In the geosciences, the perception of disability as a barrier to a successful career and the inaccessible culture of degree programs discourage many people with disabilities from starting or staying in geoscience degree programs. Disabled degree-holding individuals in Science, Technology, Engineering and Math (STEM) disciplines also have a significantly higher unemployment rate than their non-disabled peers (NCSES, 2021). Until there is change in the prevailing culture of inaccessibility and normalize the support and success of disabled geoscientists, there will be continued exclusion of many from the geosciences. Today’s disabled early career geoscientists are the vanguard of the ‘ADA generation’, born after the passage of the Americans with Disabilities Act in 1990. The ADA generation doesn’t just hope for accessible learning and work conditions, they expect it. As the ADA generation comes of age, there is need of better characterization of the disabled experience in the geosciences across all career stages (see Kingsbury et al, 2020). There is also a compelling need to examine the biases and racism within the Disabled identity. While access barriers impact us all, racism compounds the biases faced by disabled BIPOC individuals (e.g. Garcia, 2019), yet little is known (outside of anecdotal evidence) about how that impacts students and career professionals in the geosciences. The leaders of this project aim to solicit input from - and build community with - geoscientists from diverse backgrounds, all career stages, and work sectors. Disabled geoscientists with diverse academic experiences and life paths are realizing disabled scientists need more than anecdotes and individual advocacy to transform the culture of geosciences.
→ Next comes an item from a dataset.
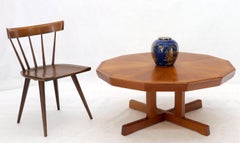 Danish Mid-Century Modern Hexagon Top Heavy Cross Base Coffee Table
The goal of this planning grant is to facilitate this culture change by first identifying and characterizing significant barriers faced by people with disabilities on geoscience career paths by surveying disabled geoscientists within the community and then strategizing specific initiatives that could address those barriers via a hybrid workshop attached to a national geoscience conference. This award reflects NSF's statutory mission and has been deemed worthy of support through evaluation using the Foundation's intellectual merit and broader impacts review criteria.